In respect for the wishes of Ohlone descendants, human remains and the artifacts found with them at Emeryville were not placed in a museum, but were reburied in the ground, in a place where they would be safe from disturbance in the future.

Where happens to the artifacts and samples after they have been studied?
After analysis was completed, the artifacts and samples were taken to the Phoebe Apperson Hearst Museum of Anthropology at the University of California, Berkeley for permanent curation. There they will be carefully stored and preserved so that they can be studied by other archaeologists. There is always more to learn. Replicas of some of the artifacts will be displayed at the Community Room at the Bay Street Center in Emeryville.

Human skeletons that would have been destroyed by the cleanup or redevelopment of the site were excavated respectfully by archaeologists.
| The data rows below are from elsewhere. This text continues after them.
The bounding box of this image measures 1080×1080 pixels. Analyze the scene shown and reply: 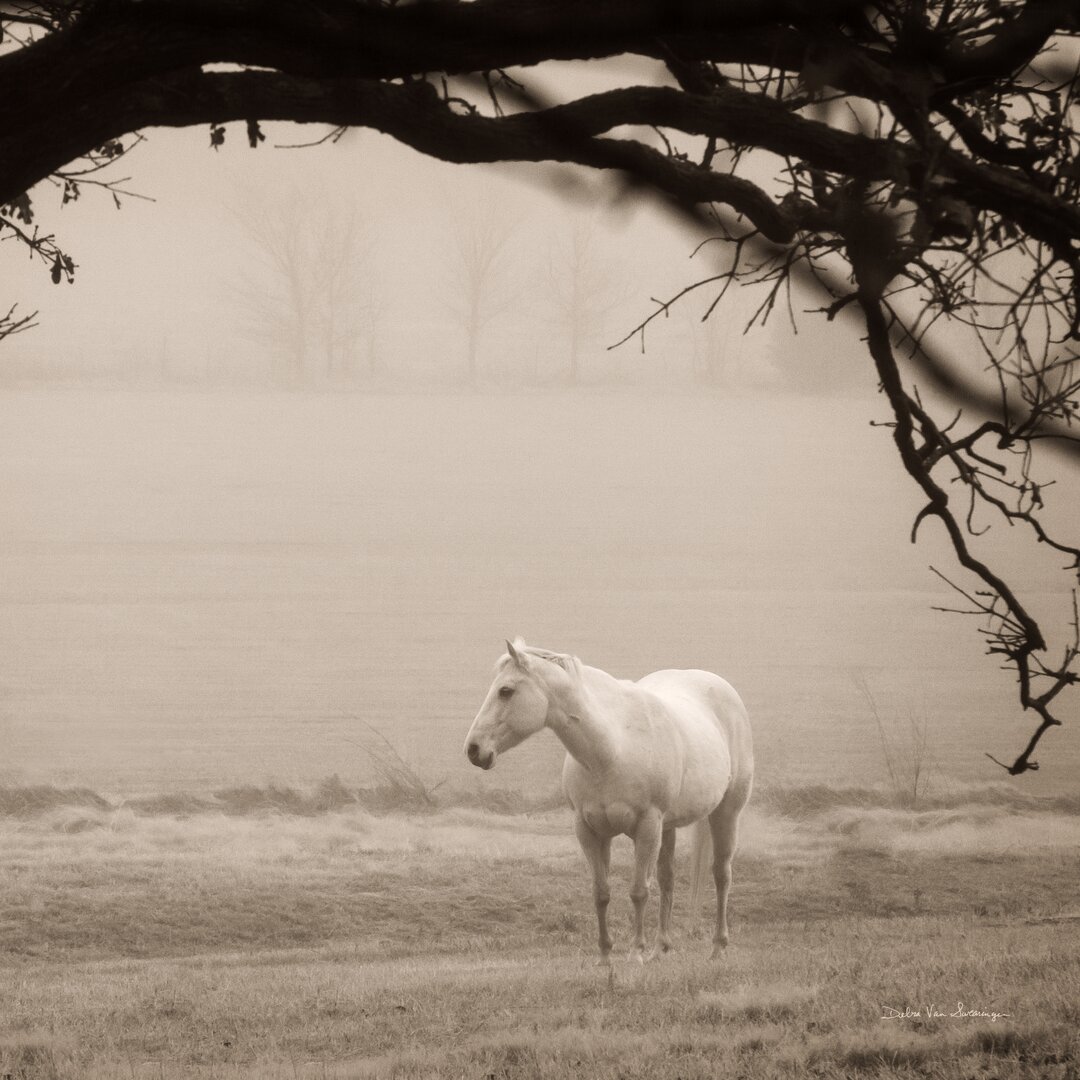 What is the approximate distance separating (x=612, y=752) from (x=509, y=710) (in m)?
0.67

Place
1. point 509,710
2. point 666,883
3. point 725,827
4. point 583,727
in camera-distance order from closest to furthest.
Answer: point 509,710, point 583,727, point 666,883, point 725,827

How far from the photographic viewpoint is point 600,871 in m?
8.09

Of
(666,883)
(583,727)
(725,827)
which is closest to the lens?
(583,727)

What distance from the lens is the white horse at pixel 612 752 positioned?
7848 mm

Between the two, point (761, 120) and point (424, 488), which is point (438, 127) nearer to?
point (761, 120)

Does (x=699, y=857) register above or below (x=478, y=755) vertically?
below

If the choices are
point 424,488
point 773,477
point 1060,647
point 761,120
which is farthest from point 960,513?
point 761,120

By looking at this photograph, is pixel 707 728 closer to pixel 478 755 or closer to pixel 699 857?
pixel 699 857

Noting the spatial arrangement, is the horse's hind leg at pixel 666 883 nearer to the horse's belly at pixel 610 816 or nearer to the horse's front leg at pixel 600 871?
the horse's front leg at pixel 600 871

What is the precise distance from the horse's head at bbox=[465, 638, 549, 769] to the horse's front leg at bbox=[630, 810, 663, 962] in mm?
Answer: 836

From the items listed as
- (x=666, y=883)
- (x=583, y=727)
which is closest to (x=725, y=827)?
(x=666, y=883)

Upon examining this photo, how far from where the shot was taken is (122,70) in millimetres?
3807

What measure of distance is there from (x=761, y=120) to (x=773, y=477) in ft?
67.3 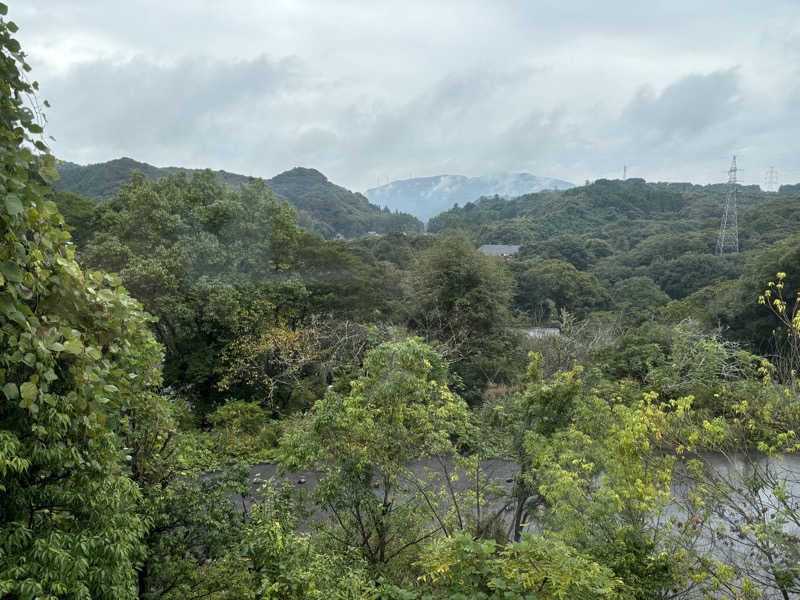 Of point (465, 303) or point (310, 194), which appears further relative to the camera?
point (310, 194)

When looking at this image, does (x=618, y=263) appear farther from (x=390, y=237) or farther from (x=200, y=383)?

Some Ohlone descendants prefer that no archaeological analysis be conducted on human remains or associated artifacts. The Native American observers at Emeryville decided that they did not want scientists to study the skeletons found at Emeryville. However, archaeologists were permitted to make casts - exact copies - of many of the artifacts that were found in graves, so that these could be studied. Human remains and associated artifacts were then reburied in a place that would be safe from future disturbance.